Elasticsearch settings (eg. memory, etc.)
Here are some setting that I commonly adjust for servers running ES - http://pastebin.com/mNUGQCLY, note that it's only for a 1GB VPS, so you'll need to adjust.
Node roles
Looking into master vs data vs 'client' ES node types might help you as well - http://www.elasticsearch.org/guide/reference/modules/node/
Indexing settings
When doing bulk inserts, consider modifying the values of both index.refresh_interval index.merge.policy.merge_factor - I see that you've modified refresh_interval to 5s, but consider setting it to -1 before the bulk indexing operation, and then back to your desired interval.
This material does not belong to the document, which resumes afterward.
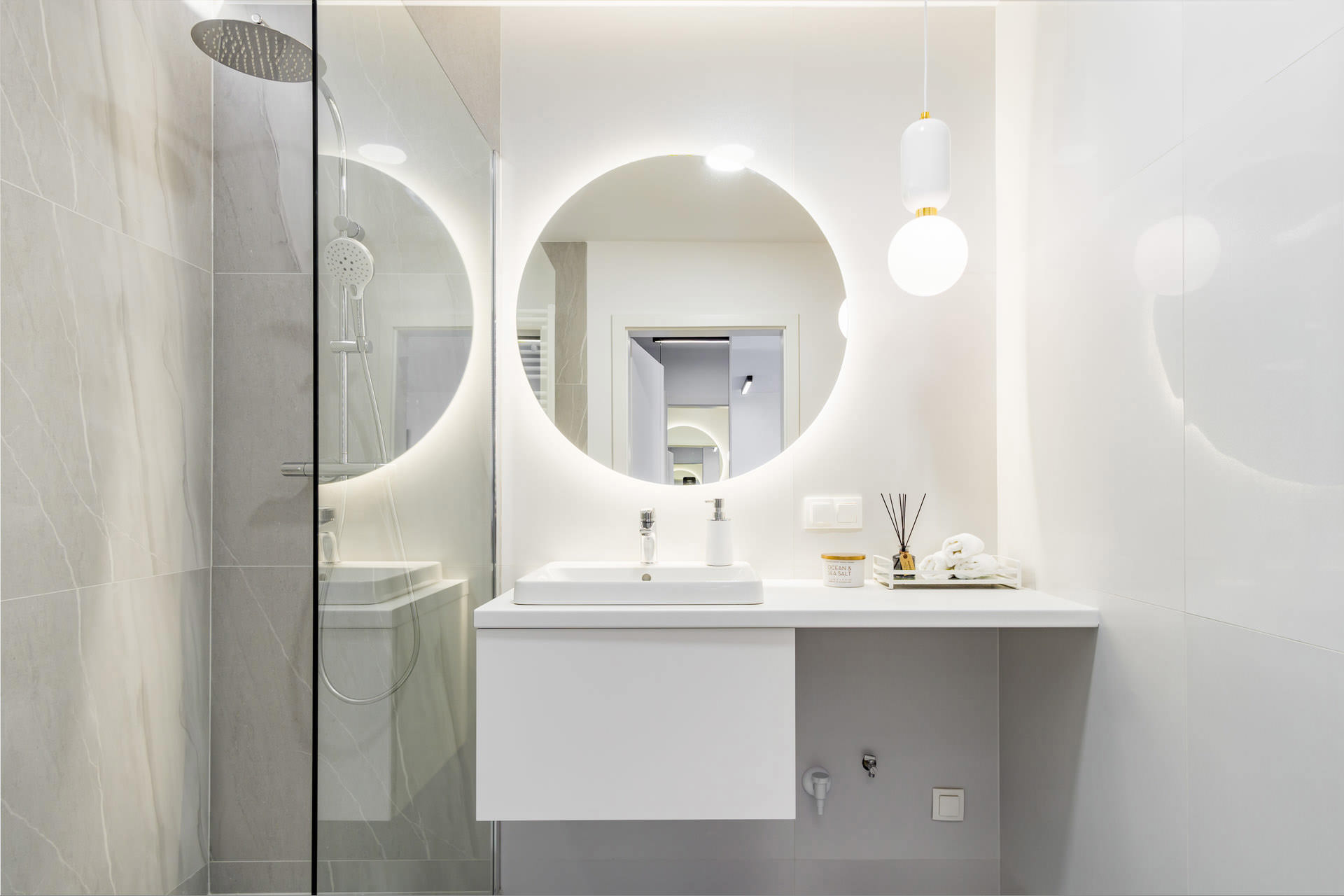 Projekt wnętrz nowoczesnego apartamentu -łazienka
Or, consider just doing a manual _refresh API hit after your bulk operation is done, particularly if you're only doing bulk inserts every minute - it's a controlled environment in that case.
With index.merge.policy.merge_factor, setting it to a higher value reduces the amount of segment merging ES does in the background, then back to its default after the bulk operation restores normal behaviour. A setting of 30 is commonly recommended for bulk inserts and the default value is 10.
Some other ways to improve Elasticsearch performance:
increase index refresh interval. Going from 1 second to 10 or 30 seconds can make a big difference in performance.
throttle merging if it's being overly aggressive. You can also reduce the number of concurrent merges by lowering index.merge.policy.max_merge_at_once and index.merge.policy.max_merge_at_once_explicit. Lowering the index.merge.scheduler.max_thread_count can help as well
It's good to see you are using SPM. Its URL in your EDIT was not hyperlink - it's at http://sematext.com/spm . "Indexing" graphs will show how changing of the merge-related settings affects performance.
I would fire up an additional ES instance and have it form a cluster with your current node. Then I would split the work between the two machines, use one for indexing and the other for querying. See how that works out for you. You might need to scale out even more for your specific usage patterns.